*** Opening of Record excerpts ***

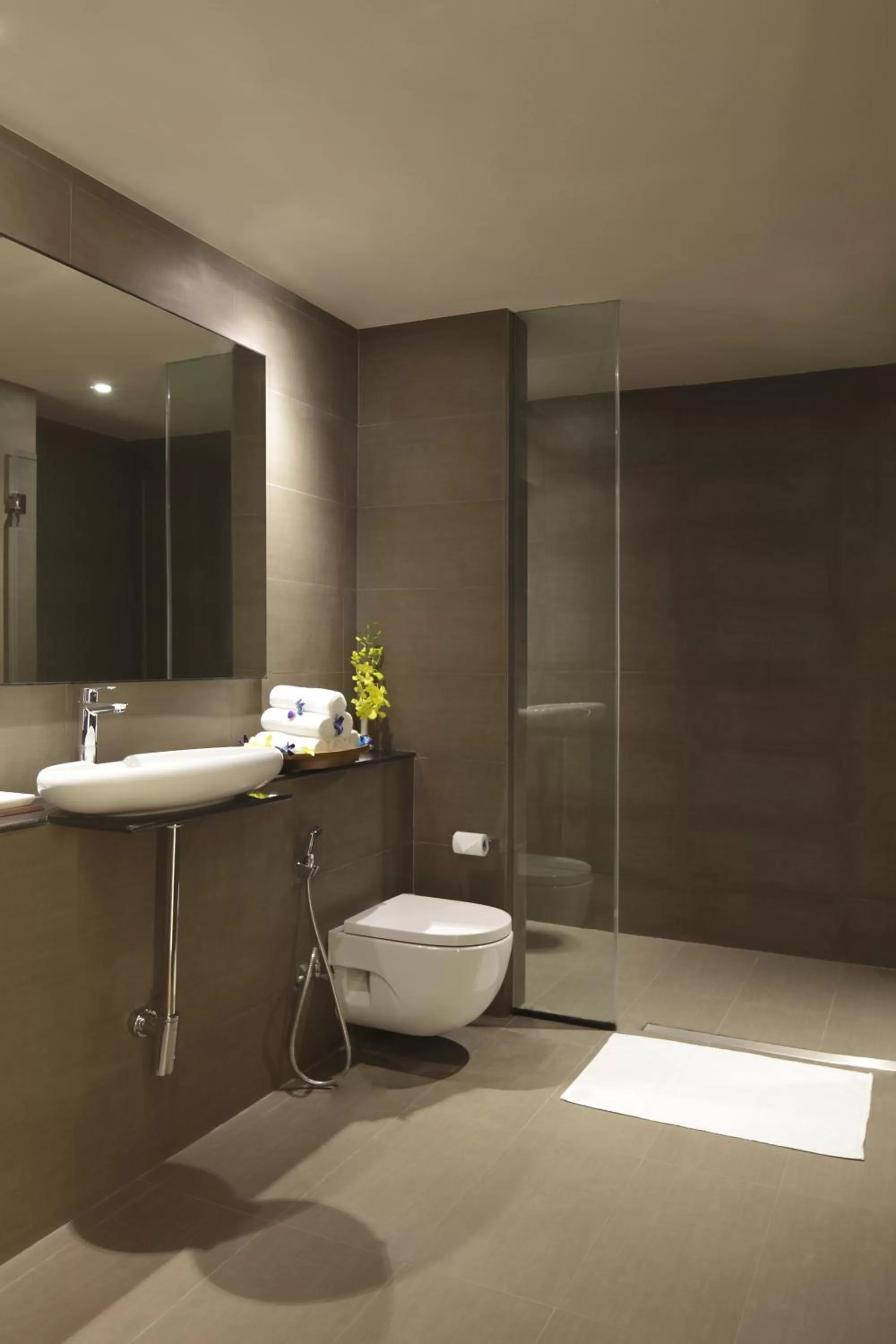 Bathroom in Holiday Inn Express New Delhi International Airport T3 by IHG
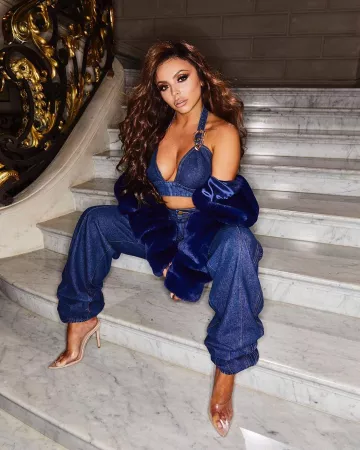 La chaqueta corta azul de piel sintética de Jesy Nelson en su cuenta de Instagram @jesynelson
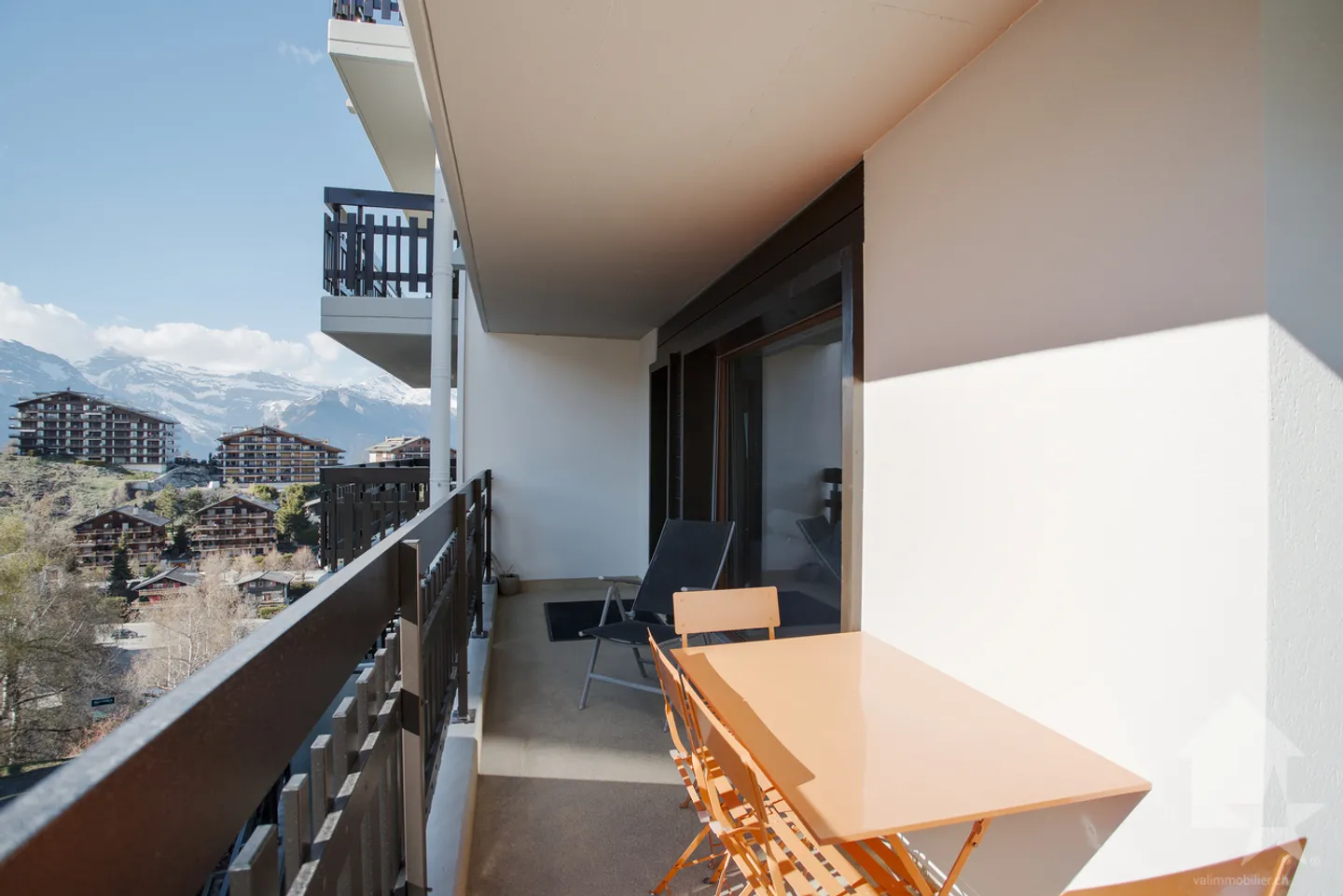 Stunning corner apartment 4.5 rooms, 101 m2, close to the ski slope - Photo 17 of 25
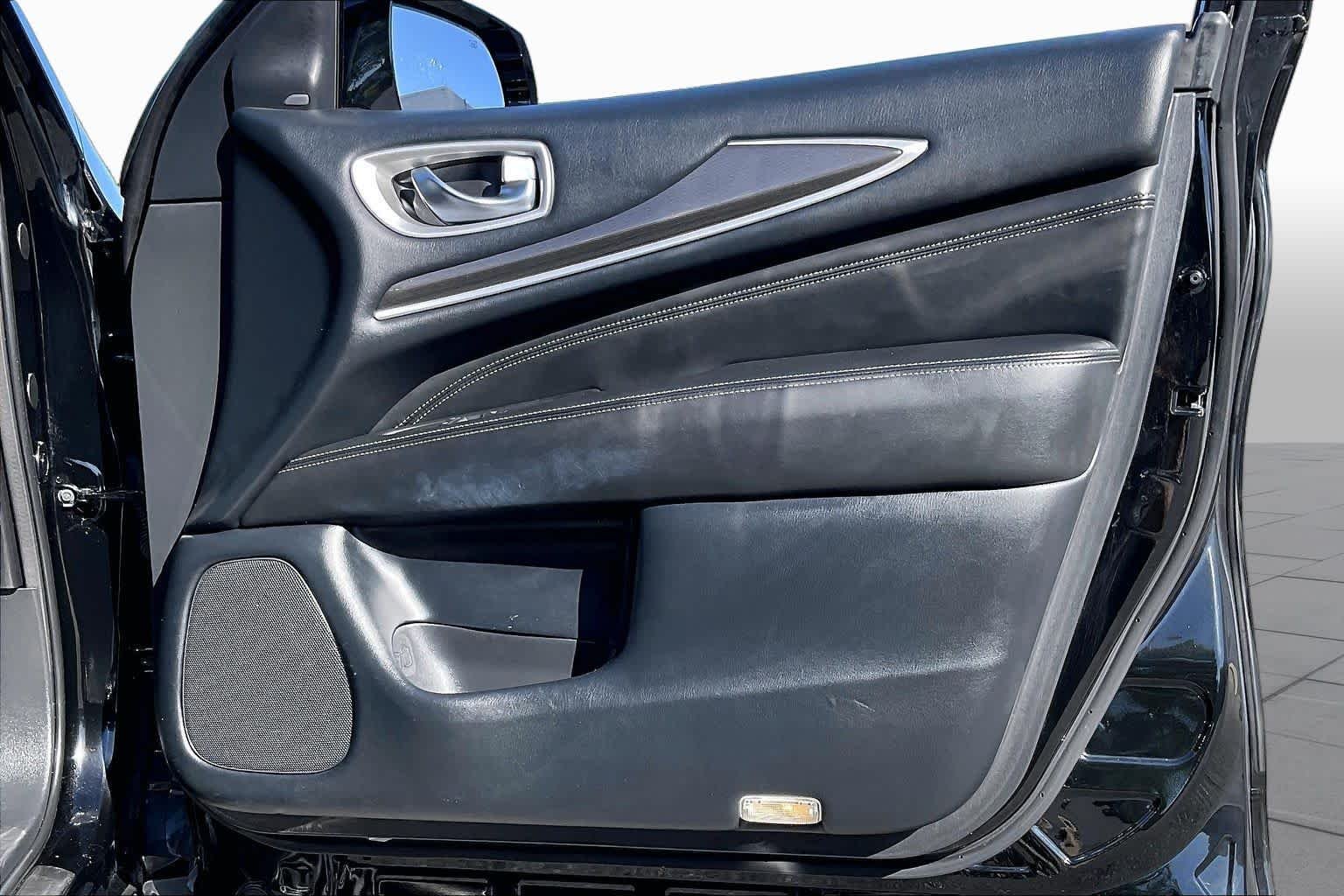 Used 2020 Black Obsidian INFINITI LUXE image 25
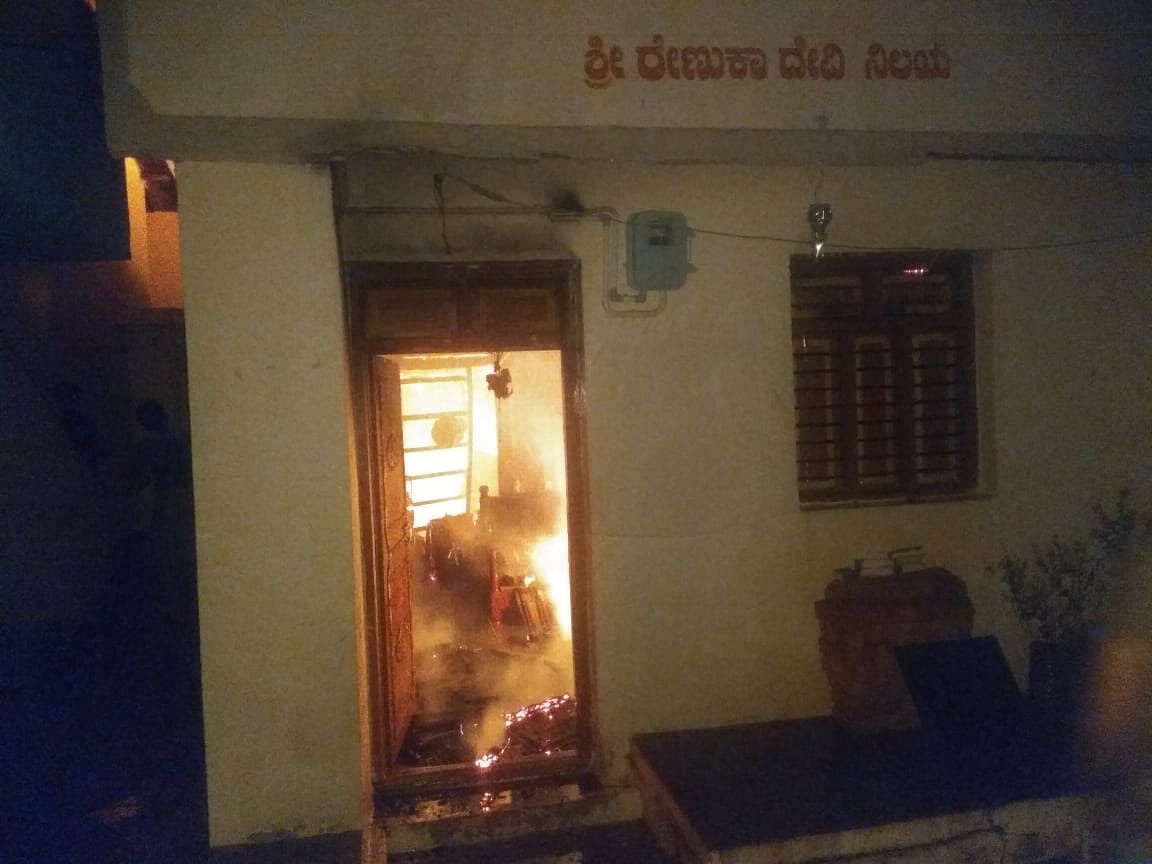  Burglars set a house on fire while decamping with cash and jewellery at Bailhongal town in Belagavi district in the early hours of Thursday. (DH Photo)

*** Close of Record excerpts ***

▸ Exercise description: Text only, pictures out: give every record again as written.

▸ Response:
 Bathroom in Holiday Inn Express New Delhi International Airport T3 by IHG
 La chaqueta corta azul de piel sintética de Jesy Nelson en su cuenta de Instagram @jesynelson
 Stunning corner apartment 4.5 rooms, 101 m2, close to the ski slope - Photo 17 of 25
 Used 2020 Black Obsidian INFINITI LUXE image 25
  Burglars set a house on fire while decamping with cash and jewellery at Bailhongal town in Belagavi district in the early hours of Thursday. (DH Photo)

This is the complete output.